The impasse in confirmations fueled sharp debates this week during Senate Armed Services Committee hearings. A parade of lawmakers also took to the Senate floor to complain.
At a hearing this week for Air Force Gen. CQ Brown Jr., Biden’s pick to replace Milley as the next Chairman of the Joint Chiefs of Staff, Sen. Tim Kaine warned that service members may choose to leave the military if they see their careers blocked.
“I would urge all of my colleagues to turn away from the path that we’re on where we are disrespecting and punishing people because we’re unhappy with policies in the military that these individuals had nothing to do with,” said Kaine, D-Va.
Tuberville has faced opposition from his side of the aisle, as well.
McConnell said in May that he opposes Tuberville’s blockade. And several Republican senators said this week that they were hoping to find a way to persuade the senator to drop the holds.

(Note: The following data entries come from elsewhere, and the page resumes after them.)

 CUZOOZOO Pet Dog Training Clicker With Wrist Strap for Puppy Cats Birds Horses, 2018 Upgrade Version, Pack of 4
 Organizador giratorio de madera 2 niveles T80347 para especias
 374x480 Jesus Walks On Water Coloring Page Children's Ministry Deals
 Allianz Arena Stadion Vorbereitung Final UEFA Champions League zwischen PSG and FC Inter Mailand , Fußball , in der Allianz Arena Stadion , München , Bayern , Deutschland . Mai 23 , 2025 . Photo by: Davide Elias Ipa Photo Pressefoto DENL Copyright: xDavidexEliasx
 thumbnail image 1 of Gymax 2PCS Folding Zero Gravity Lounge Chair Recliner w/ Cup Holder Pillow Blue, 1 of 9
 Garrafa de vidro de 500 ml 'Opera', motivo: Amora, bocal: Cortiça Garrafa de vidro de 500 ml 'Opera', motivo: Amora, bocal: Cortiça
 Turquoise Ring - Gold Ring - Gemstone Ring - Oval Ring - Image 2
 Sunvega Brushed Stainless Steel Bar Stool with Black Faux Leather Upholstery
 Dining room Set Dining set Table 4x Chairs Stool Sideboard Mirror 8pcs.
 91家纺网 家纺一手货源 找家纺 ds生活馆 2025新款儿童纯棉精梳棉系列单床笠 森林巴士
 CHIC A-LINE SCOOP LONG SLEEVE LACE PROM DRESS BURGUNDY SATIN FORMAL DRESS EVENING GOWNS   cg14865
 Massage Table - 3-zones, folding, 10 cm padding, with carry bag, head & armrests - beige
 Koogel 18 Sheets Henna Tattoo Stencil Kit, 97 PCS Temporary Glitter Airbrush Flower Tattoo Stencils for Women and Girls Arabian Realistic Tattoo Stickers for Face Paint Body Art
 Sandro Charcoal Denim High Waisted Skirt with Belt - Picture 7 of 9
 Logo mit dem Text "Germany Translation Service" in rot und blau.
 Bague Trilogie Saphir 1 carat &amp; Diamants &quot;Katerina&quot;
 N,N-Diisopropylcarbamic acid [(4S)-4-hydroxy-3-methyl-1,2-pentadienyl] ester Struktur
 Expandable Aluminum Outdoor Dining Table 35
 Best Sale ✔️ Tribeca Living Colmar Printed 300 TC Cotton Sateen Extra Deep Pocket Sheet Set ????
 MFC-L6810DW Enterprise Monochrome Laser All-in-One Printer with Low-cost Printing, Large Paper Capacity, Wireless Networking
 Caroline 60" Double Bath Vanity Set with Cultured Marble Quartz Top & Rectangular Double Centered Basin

“I think all of us are concerned — we want to get these key positions filled,” said South Dakota Sen. John Thune, the No. 2 Senate Republican.
In the House, Republicans passed a wide-ranging defense bill on Friday that would reverse the new abortion policy. But Tuberville has said that’s not enough to get him to drop the holds.
SO, NOW WHAT?
Austin called Tuberville to discuss the holds on Thursday, the day President Joe Biden told reporters that Tuberville is jeopardizing national security and being “ totally irresponsible.”
Through a spokeswoman, Tuberville said he was “grateful” for the call and he would discuss the matter with Austin again in the coming week.
It’s unclear, though, if they can find compromise. Tuberville has said repeatedly that he will keep his hold until there is a vote.
“We need a vote on this policy on the floor,” he said Wednesday. “I don’t know whether it would pass. It may. I don’t care. I just want the American people to have a say-so in this, not the Pentagon.”
This story has been updated to correct the day Austin called Tuberville. It was Thursday, not Friday.